At least, that’s how I felt when I worked in my dad’s home office. My dad has his own business, and when he had invoices to mail, he let me help him prepare the envelopes.
This was thrilling to me. As a small child, I loved pressing the return-address stamp onto the black ink pad. I loved the stamp’s disappearing act, the swivel that made the raised letters come and go.
One moment, there were no words in the upper left hand corner of the envelope, and then next, there were several lines of text. Amazing!
Sure, I enjoyed pressing the stamps too, but I didn’t begrudge my younger brother Willie taking on that task instead. For me, the magic was always in the words.
Why am I telling you this? Because many of you have written to me about feeling stuck, wanting to find your purpose but having no idea where to start. Those feelings are real, and they can be very frustrating.
Yet having coached a good many people, I’ve come to realize that it’s simpler than we make it. Not easier, exactly, but more straightforward.
How To Get Unstuck and Follow the Magic
First, we need to get still. We need to find a space away from the hustle and routine and just listen. For me, that looks like sitting in silence each morning, and writing at the start of my workday.
Oh, I hear you when you say that this feels impossible. Distraction is so compelling! When it’s time for me to sit down to write, almost everything looks more appealing. Suddenly, I yearn to do the dishes!
But when I sit down in the chair and start typing, that falls away. The restless part of me gets still, and I can hear what Life is trying to tell me.
Case in point: Until I started writing this down for you, I had not made the connection between the stamp and the words. That’s the power of being still, and – in the words of Parker Palmer – listening to your life.
Stamping envelopes was a clue to my calling, though I didn’t know it at the time. All I knew was that it felt magical.
Once you’ve listened to your life, the next step on the path to your purpose is to … do more of what feels like magic to you.

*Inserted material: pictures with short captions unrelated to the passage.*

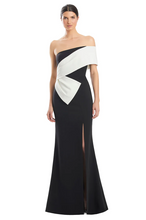 Load image into Gallery viewer, Alexander by Daymor  - Dress -  1981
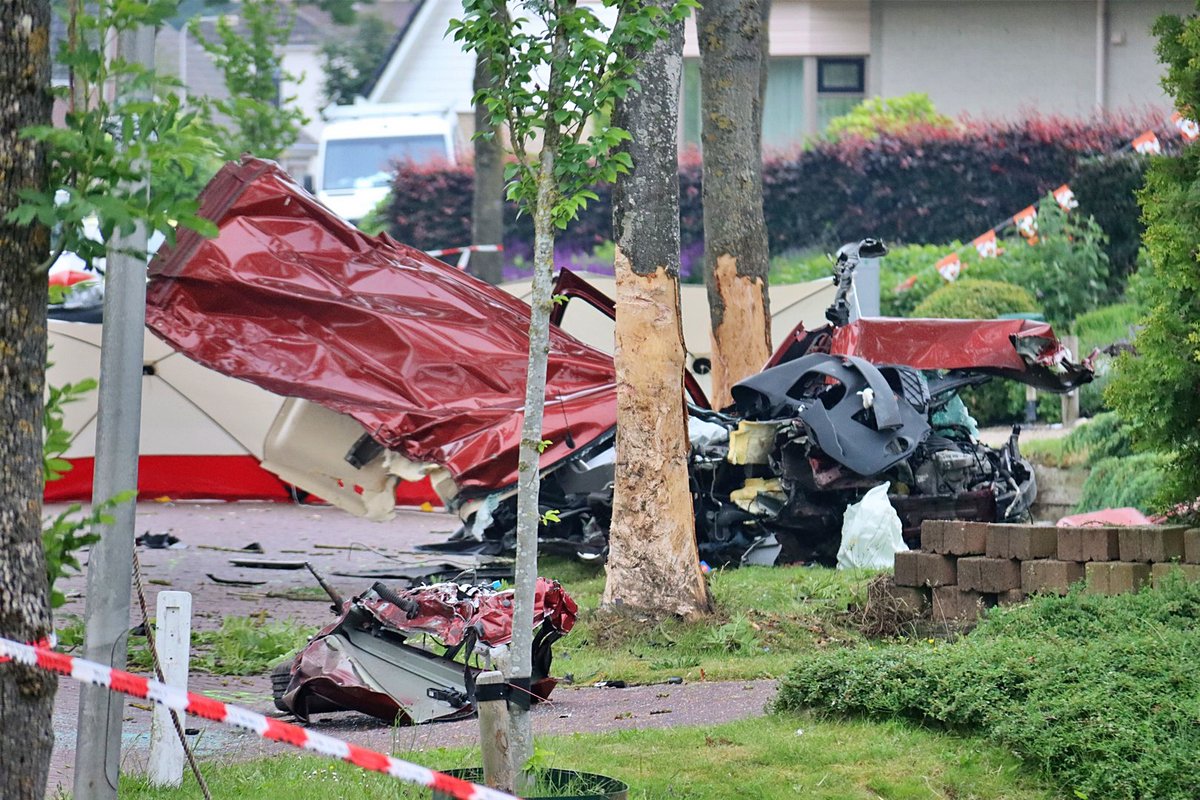 Tragisch verkeersongeval op de Schaarweg in Sint Jansklooster (Foto's) |. | #Steenwijk.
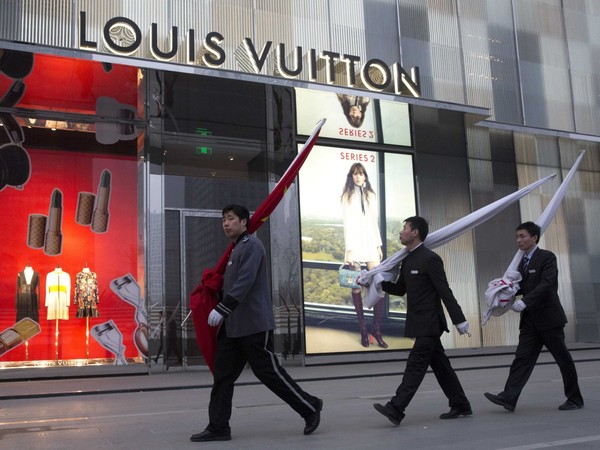 Hàng loạt các thương hiệu thời trang nổi tiếng đã đâm đơn kiện người phụ nữ đến từ Trung Quốc vì tội buôn bán hàng giả.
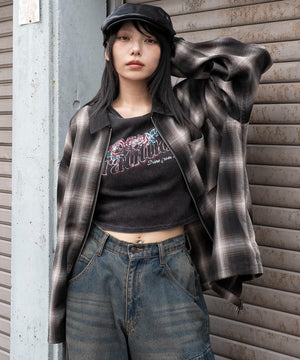 ブラウンチェック　モデル：159cm L着用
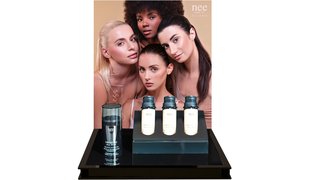 NEE Collection Dress me All Day Foundation exkl. Display
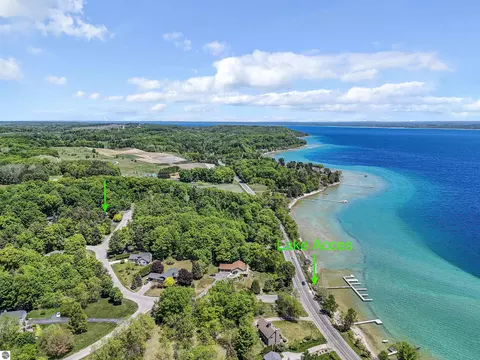 10159 Council Oak Dr, Traverse City, MI 49686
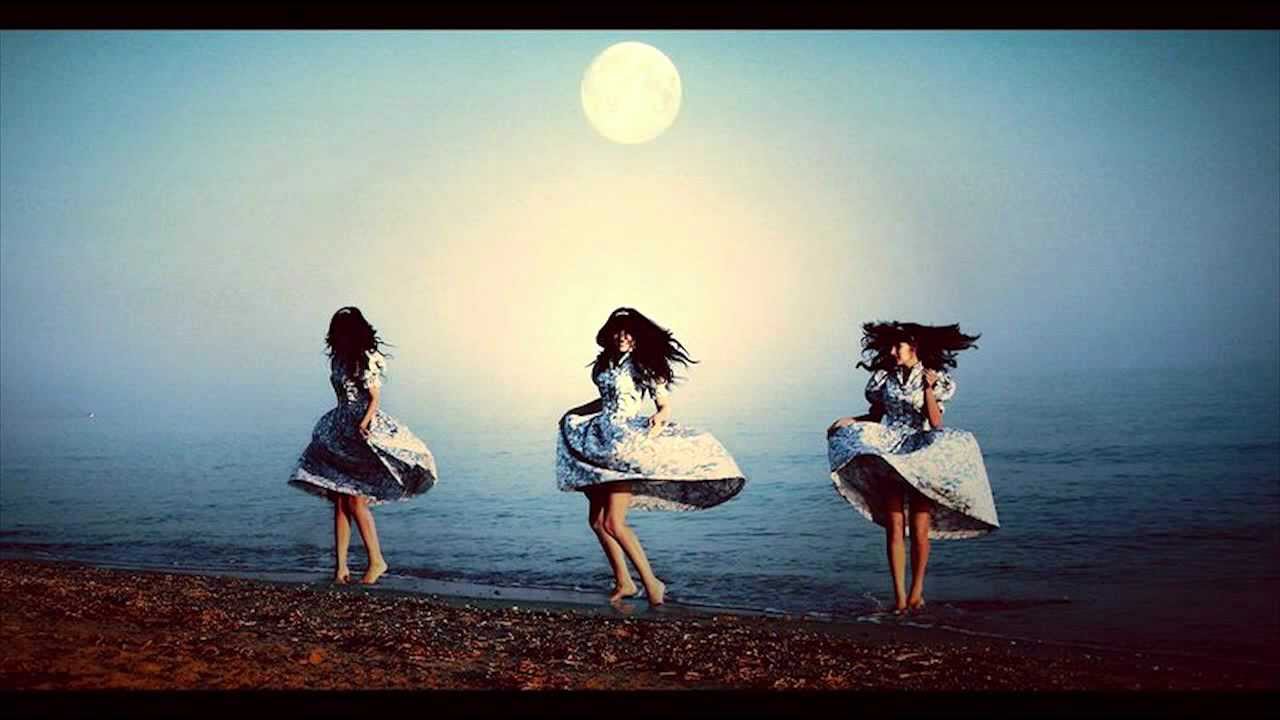 Walk On By Noosa Lyrics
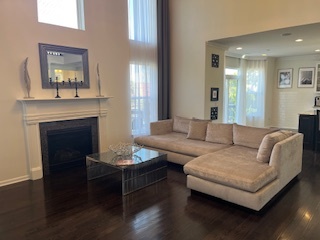 16W764 Hawthorne Court, Willowbrook, IL 60527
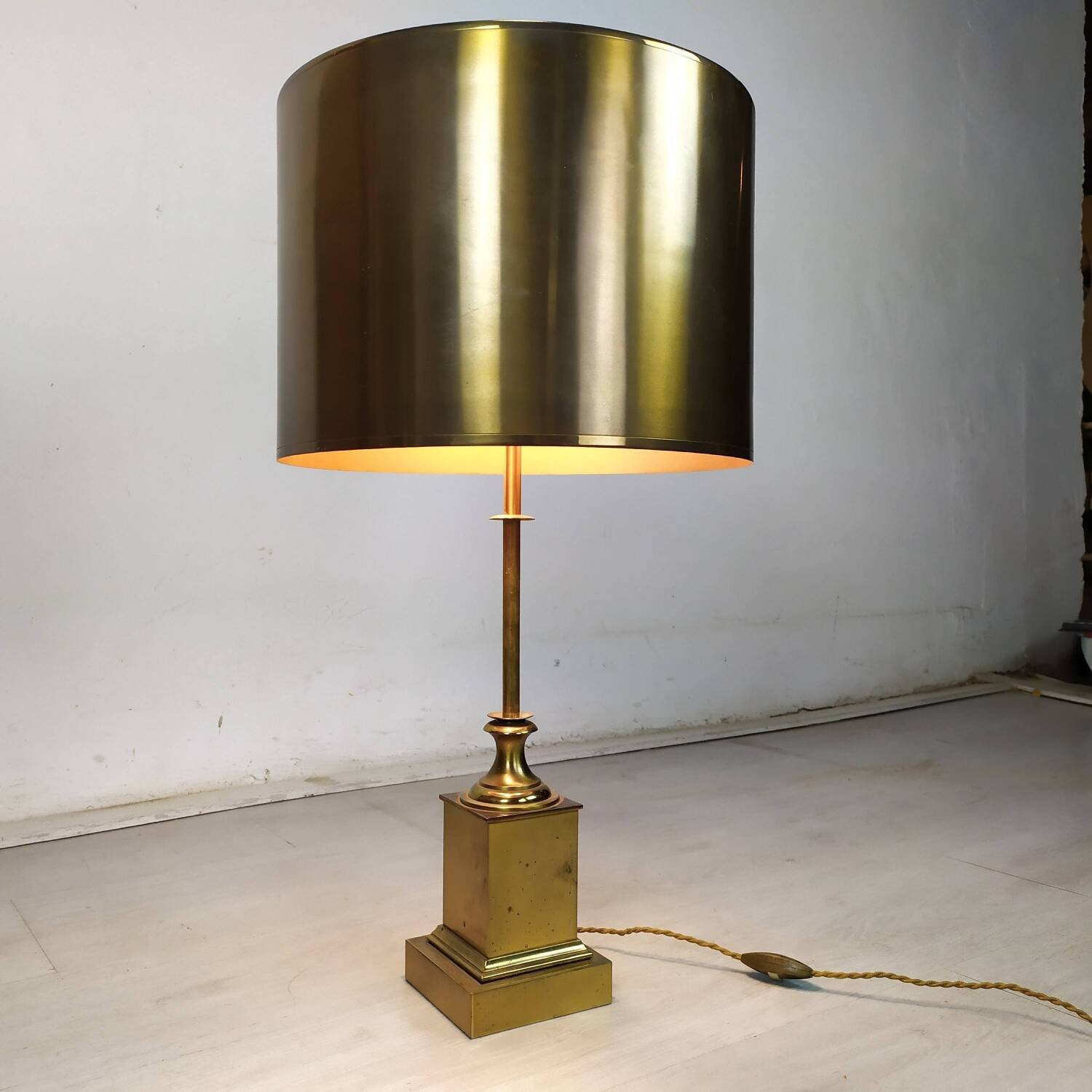 Gilded bronze lamp from Maison Charles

(Reading feels like magic to me!)
This sounds too good to be true, doesn’t it? Oh, just do more of what feels like magic – yeah right! Who has time for that?
A few thoughts.
How to Do More of What Feels Like Magic
1. Remember: You don’t need a ton of time. 20 minutes a day is fantastic, 15 minutes is great if you can’t swing 20, and so on. I blocked off 45 minutes to write this essay for you before my first coaching call, but I could have kept it shorter and wrapped sooner.
Do not underestimate the power of small, consistent blocks of time. Here’s one of my favorite quotes, by Anthony Trollope: “A small daily task, if it be really daily, will beat the labours of a spasmodic Hercules.”

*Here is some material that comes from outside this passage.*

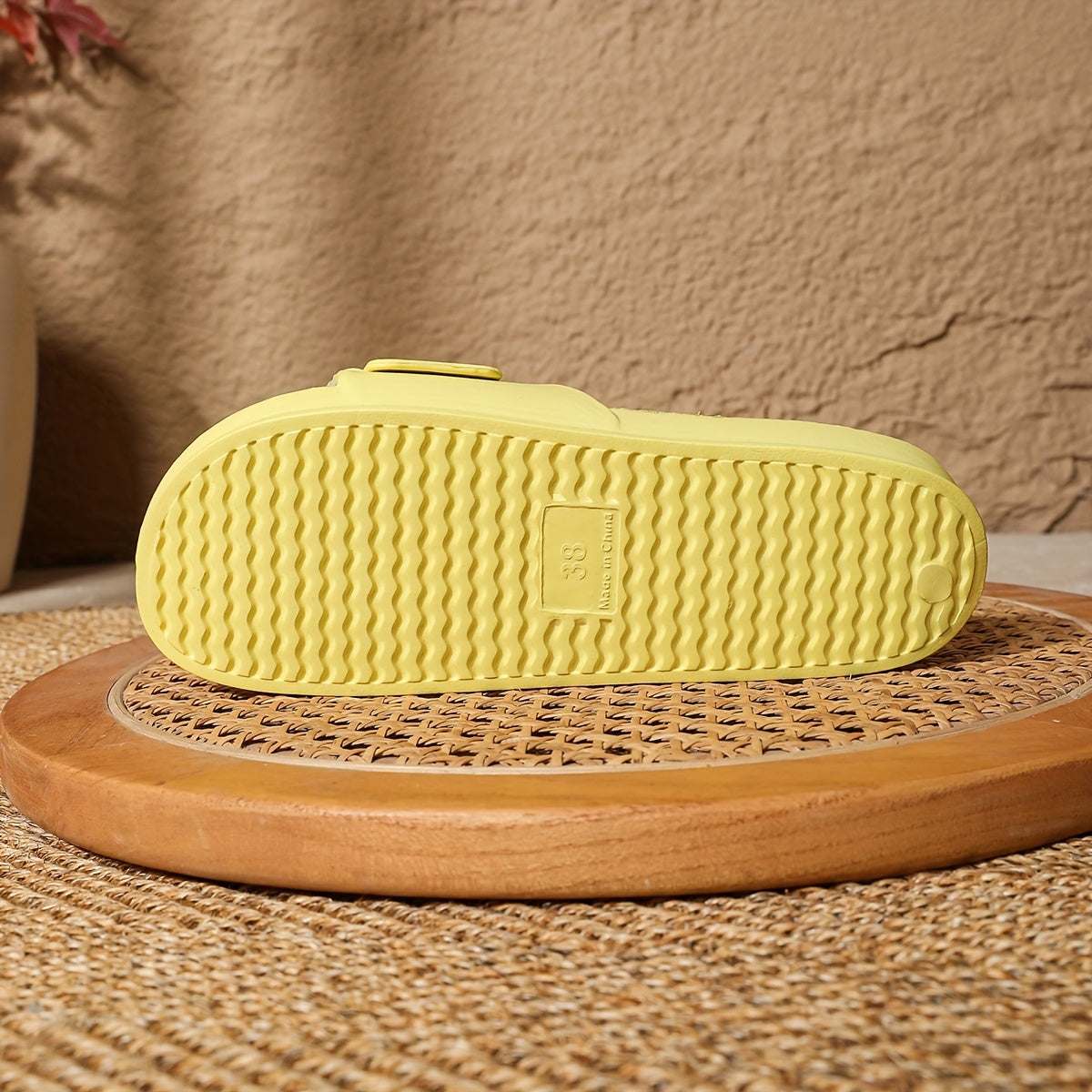 Pantofole da Donna con Chiusura a Cinghia Regolabile – Leggere e Ammortizzanti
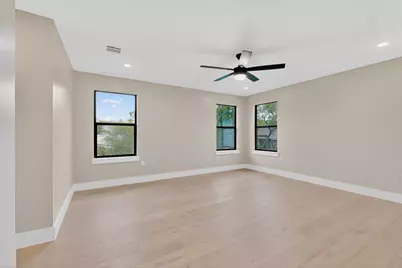 5018 Highland Court, Austin, TX 78731 - Photo 9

Moreover, you will FEEL disproportionately better if you do just a bit of what you love. 20 minutes of magic can get you through hours of “slog” work.

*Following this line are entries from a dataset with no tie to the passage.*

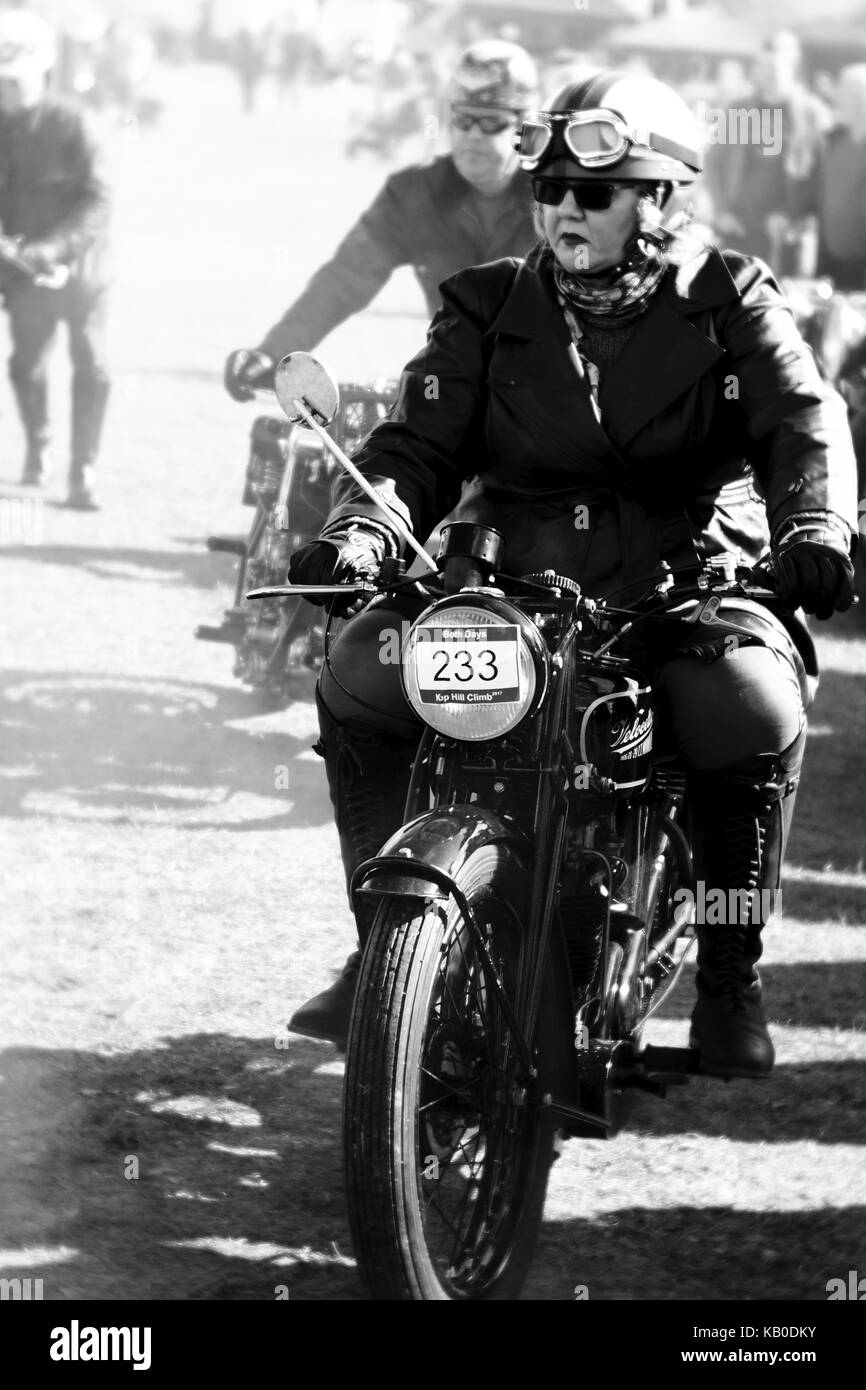 Frau, die auf dem Kop Hill Climb ein Oldtimer-Motorrad fährt Stockfoto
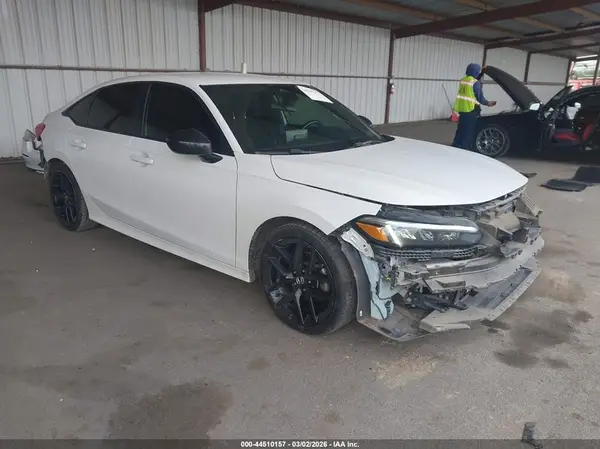 2HGFE2F50NH504840 2022 HONDA CIVIC - Image 1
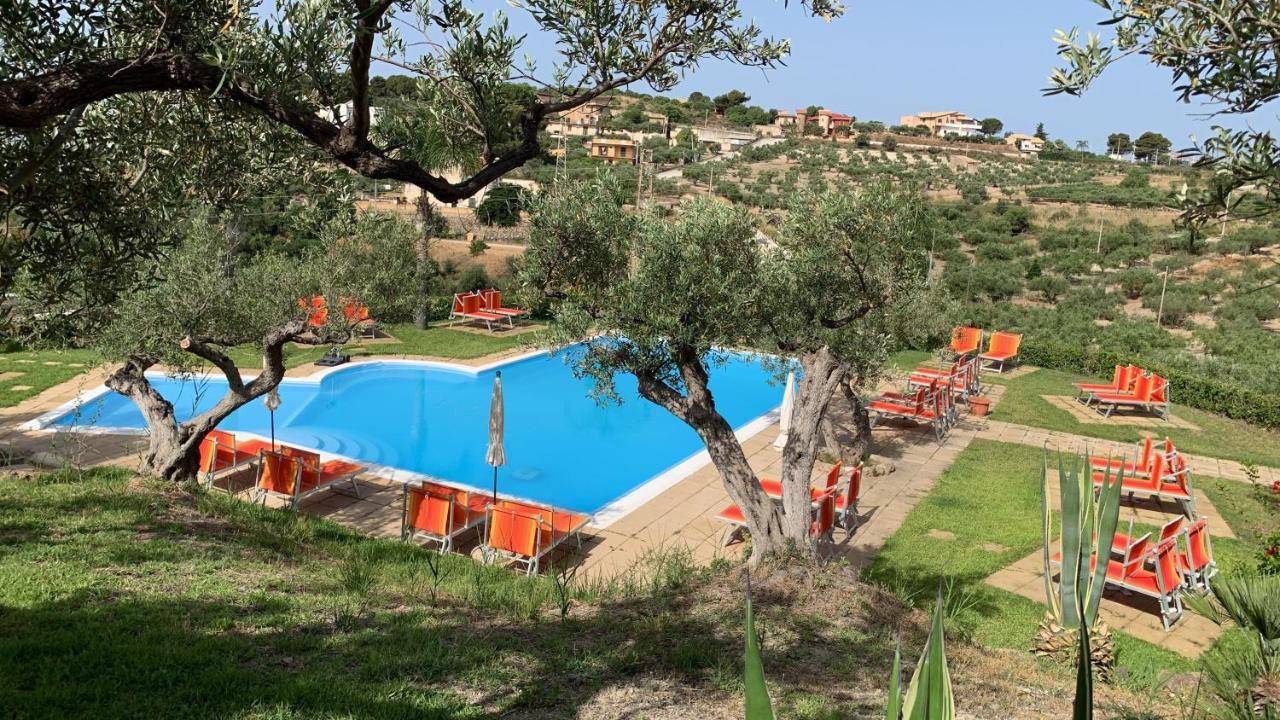 Aparthotel La Luna Nel Pozzo 5*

Also, remember: It’s about what feels like magic to you personally. It’s not what you think should do, or what someone else thinks would be a good idea.
2. Notice that if you learn to strip away the reasons why you think you can’t do more of what feels like magic, then you are free to enjoy your life. Amazing. (A great coach can help you with this!)
3. Clarity does not come from endlessly debating different options. Rather, clarity comes from taking action and trying things out. You start with a hunch, a guess, and then you follow and see where it leads.
Brendon Burchard said it well in High Performance Habits:
“Clarity is the child of careful thought AND mindful experimentation.” (Emphasis mine.)
For example, I started writing this essay before I knew where it was going or how it would be of service to you. I just woke up this morning with a sense of, “Hmm, for some reason I feel compelled to write about how it felt to stamp envelopes in my dad’s office. So, I’ll go with that and see where it leads.”
Sometimes it doesn’t work quite so neatly; sometimes I start writing about stamps and realize, “Wait, what I actually want to say is something different.” That’s okay too – it’s part of the process.
Enjoy Making a Mess
One of the most helpful pieces of guidance I’ve ever received as a writer is that often it takes about 100 pages of writing to figure out what your book is about. It may not be necessary to scrap the first 100 pages, but sometimes it is. They are a place to flail around, try things, see what works and what doesn’t.
It’s totally normal to write 25 pages and realize, “Oh, look, I thought I was writing about X, but it’s actually about Y.” It takes time to get to the heart of the matter.
And the messy truth is that you could not have arrived at that place of clarity without what Julia Cameron calls “doing the footwork.” The first 100 pages – or the first dozen sales calls, or the first 10 paintings – are the footwork.
We would prefer to arrive at clarity without making a mess. We would like everything neat and tidy, if you please, spit spot like Mary Poppins.
But dear ones, this is LIFE. It is unexpected and surprising magic.
What a privilege to step into the wonder of it all.